* Exercise prompt
The material below includes pictures; leave them out and return only the lines between the line containing "Now we come" and the line containing "This simulation shows", inclusive, word for word.

* Provided entries
···

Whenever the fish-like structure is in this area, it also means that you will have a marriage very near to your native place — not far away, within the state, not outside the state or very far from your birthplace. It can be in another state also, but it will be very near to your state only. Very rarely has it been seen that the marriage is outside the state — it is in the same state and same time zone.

···

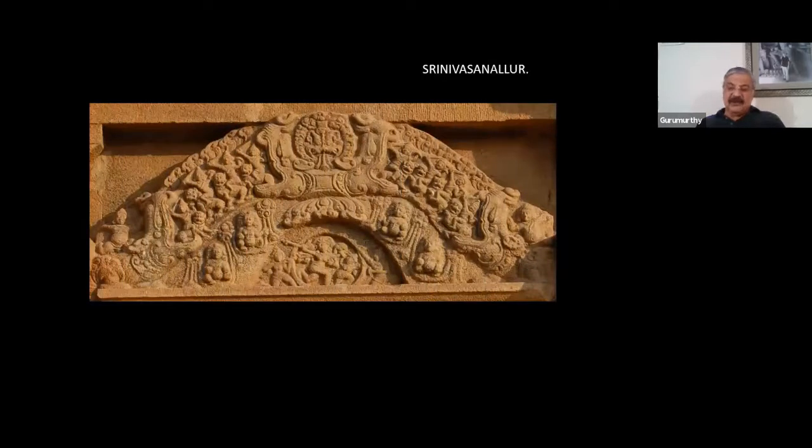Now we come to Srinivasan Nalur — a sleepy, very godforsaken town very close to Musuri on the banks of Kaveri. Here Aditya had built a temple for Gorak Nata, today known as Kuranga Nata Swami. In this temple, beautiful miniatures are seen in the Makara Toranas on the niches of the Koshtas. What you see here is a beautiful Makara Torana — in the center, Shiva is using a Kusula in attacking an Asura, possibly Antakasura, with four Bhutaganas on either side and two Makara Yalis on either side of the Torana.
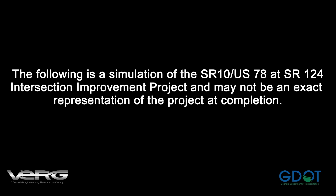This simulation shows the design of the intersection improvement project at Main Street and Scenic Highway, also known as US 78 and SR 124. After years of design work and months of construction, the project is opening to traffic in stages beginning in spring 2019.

···

* The completed task
Now we come to Srinivasan Nalur — a sleepy, very godforsaken town very close to Musuri on the banks of Kaveri. Here Aditya had built a temple for Gorak Nata, today known as Kuranga Nata Swami. In this temple, beautiful miniatures are seen in the Makara Toranas on the niches of the Koshtas. What you see here is a beautiful Makara Torana — in the center, Shiva is using a Kusula in attacking an Asura, possibly Antakasura, with four Bhutaganas on either side and two Makara Yalis on either side of the Torana.
This simulation shows the design of the intersection improvement project at Main Street and Scenic Highway, also known as US 78 and SR 124. After years of design work and months of construction, the project is opening to traffic in stages beginning in spring 2019.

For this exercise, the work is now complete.